According to the History of Rome (Book I, 57-59) by ancient Roman historian Livy, the legendary Lucretia was the virtuous wife of the nobleman Lucius Tarquinius Collatinus. After her rape by Sextus Tarquinius, the son of the King, she called on her father and her husband for vengeance and then, while proclaiming her innocence and chastity, stabbed herself to death. Her tragic gesture led to a rebellion that drove the Tarquins from Rome and marked the foundation of the Roman Republic. As an example of female strength and courage, Lucretia became a favorite subject in Renaissance and Baroque art, often depicted isolated in the moment just before she plunges the dagger in her chest.
There is evidence that Artemisia painted this Lucretia during her time in Venice in the late 1620s. With its swirling and exuberant drapery, and its free brushstrokes, the picture shows the profound engagement with the artistic legacy of 16th-century Venetian painting, especially with the female protagonists of paintings by Titian and Veronese. The painting also reflects Artemisia’s close contact with expatriates active in Venice in the 1620s, such as the French Nicolas Régnier, the German Johann Liss, and the Genoese Bernardo Strozzi.

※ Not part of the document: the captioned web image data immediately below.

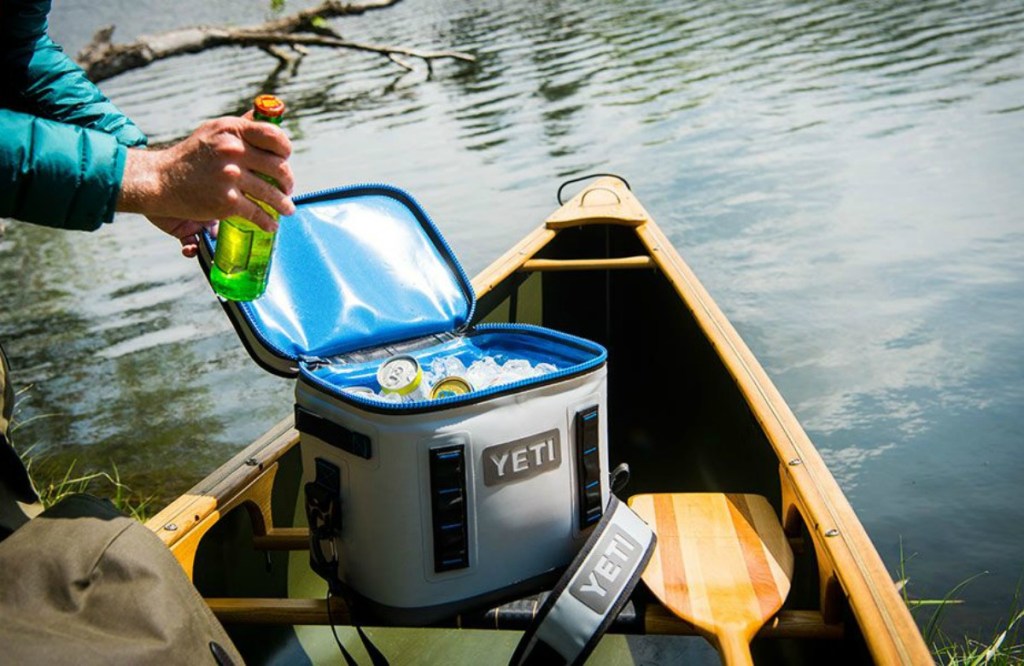 man grabbing water bottle from a YETI cooler on a canoe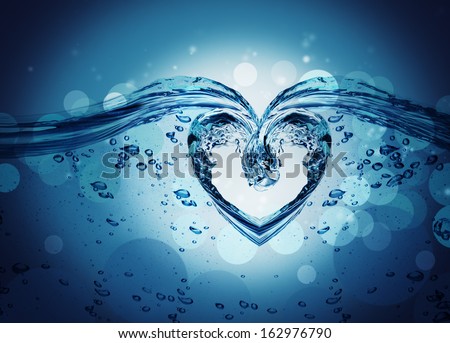 Heart from water splash with bubbles isolated on white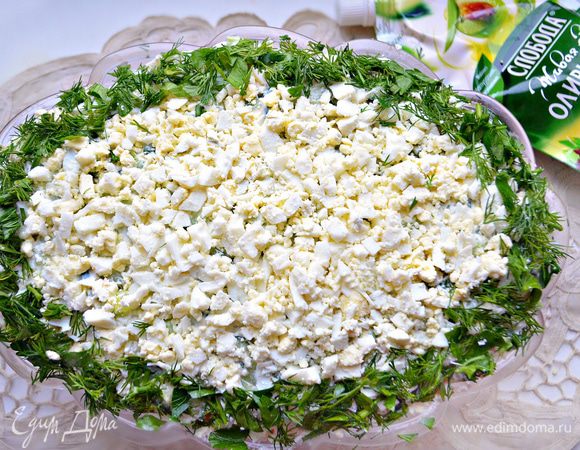 И в заключение, слой рубленных яиц. Украшаем по краю блюда рубленной зеленью.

In 1627, a pamphlet was printed containing a number of poems dedicated to four of Artemisia’s paintings executed in Venice: two on a self-portrait, one each on a Susanna and a Sleeping Cupid, and three on a Lucretia. The author was likely Giovanni Francesco Loredan, one of a close-knit group of writers, artists, musicians, librettists, and patrons who were associated with Artemisia during her Venetian sojourn. It is highly probable that the Getty’s Lucretia is the same painting praised in the poems published in Venice in 1627.
“With the discovery of new documents and the emergence of new paintings, our understanding of Artemisia’s art has become much more complex and nuanced in the last twenty years. This recently rediscovered work sheds a new light on a crucial and hitherto overlooked moment of her career, when the painter is transitioning from the Caravaggism that had been the hallmark of her formative years to a more graceful and idealized manner which will characterize her maturity,” said Davide Gasparotto, senior curator of paintings at the Getty Museum. “Lucretia is a powerful and compelling example of Artemisia’s most significant type of subject, the representation of dynamic female figures which appear in control of their own destiny; but with its lyrical and sophisticated expressivity, its creamy impasto and vibrant brushwork, the painting is also suggestive of new directions in her artistic itinerary.”
About Artemisia Gentileschi
Artemisia Gentileschi was born in Rome in 1593, the eldest child and only daughter of Prudenzia di Montone and the Tuscan painter Orazio Gentileschi. She lost her mother when she was 12 years old and had to start looking after her three younger siblings. At the same time, she trained as an artist in her father’s workshop. Orazio was aware of Artemisia’s great talent and showed pride in her accomplishments. In fact, in a letter to the Grand Duchess of Tuscany, Maria Maddalena of Austria, dated 1612–when Artemisia was 18 years old–Orazio boasts of his daughter’s ability: “having studied the profession of painting, after three years she had practiced so much that I can now say that she has no peers, having created such works of art that perhaps even the most important masters of this profession cannot achieve…”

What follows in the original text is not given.